Mexico Reaches Deal in Natural Gas Pipelines Controversy

Anil
Mathews
OilMonster Author
The renegotiated contracts allow for 8.2 billion cubic feet of natural gas per day to imported into Mexico.
Mexico Reaches Deal in Natural Gas Pipelines Controversy

SEATTLE (Oil Monster):  Mexican President Andres Manuel Lopez-Obrador said his administration has reached a deal ending a controversy over contracts for five natural gas pipelines that were built by three companies to carry natural gas south of the border from Texas.
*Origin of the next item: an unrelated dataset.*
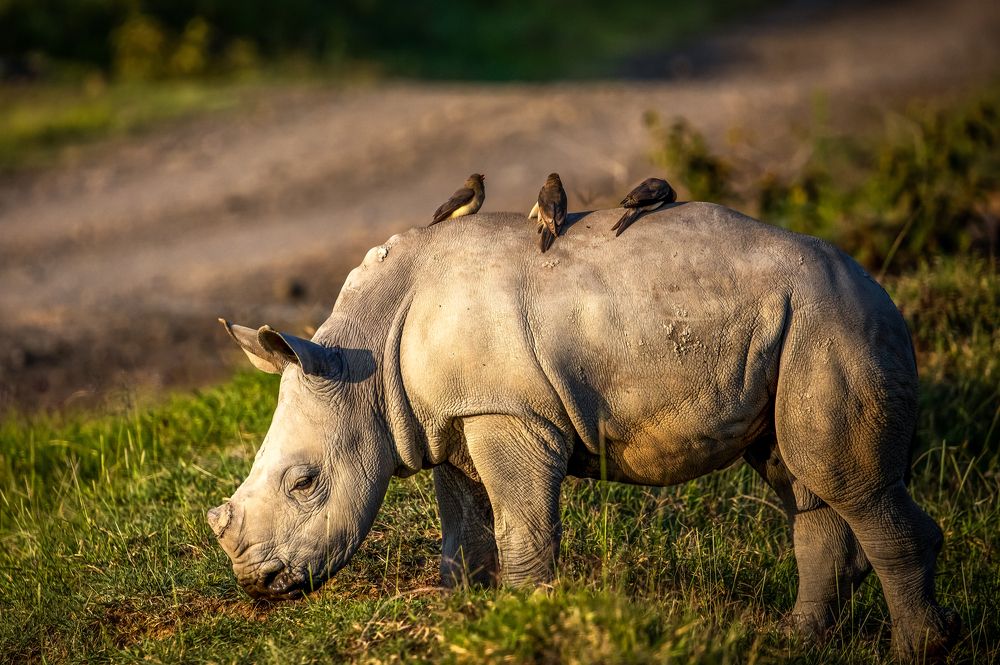 Photograph by Vita Potomova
The dispute centered around some $3 billion in payments that pipeline companies received from the Mexican government although they have yet to deliver any natural gas. The payments were made under force majeure clauses in the contracts, which allow the companies to collect the money if the projects were delayed by circumstance beyond their control. Those circumstances included weather, protests and even alleged acts of extortion by local government officials.
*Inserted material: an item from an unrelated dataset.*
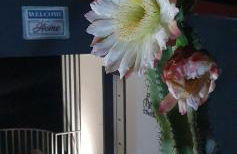 Bicycle House - Foto 21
Seeking to undo $3 billion in payments and dispute force majeure clauses on the pipeline contracts, Lopez-Obrador launched a public review of the projects and requested international arbitration, which would have delayed the projects further. Ultimately, the government and the companies agreed to drop the legal action and renegotiated rates, which Lopez Obrador said would save Mexico $4.5 billion.

Mexico needs the natural gas. The country consumes more than 8 billion cubic feet of natural gas per day, but only produces 2.6 billion cubic feet per day. Natural gas for the pipelines will come from the Eagle Ford Shale of South Texas and the Permian Basin of West Texas, providing a much-needed outlet for the record production that both regions have experienced over the past five years.

A series of meetings this summer between the government and the Mexican subsidiary of Canadian pipeline operator TC Energy, a Mexican subsidiary of San Diego utility company Sempra Energy and Mexico City construction firm Grupo Carso ended with deals that were signed on Monday night.

The renegotiated contracts allow for 8.2 billion cubic feet of natural gas per day to imported into Mexico. Some 63 percent of that natural gas from the pipeline projects to be used by government-owned power plants while the remaining 37 percent will be consumed by industrial and commercial customers.

With most of its route underwater in the Gulf of Mexico, the pipeline will be used to move 2.6 billion cubic feet of natural gas per day from the Eagle Ford Shale of South Texas and the Agua Dulce Hub near Corpus Christi to the coastal state of Veracruz and then into the interior of Mexico.

Crews completed the underwater pipeline project last year, but have yet to flow natural gas through it because of issues completing other two other pipelines that would have moved the natural gas further into the interior of Mexico.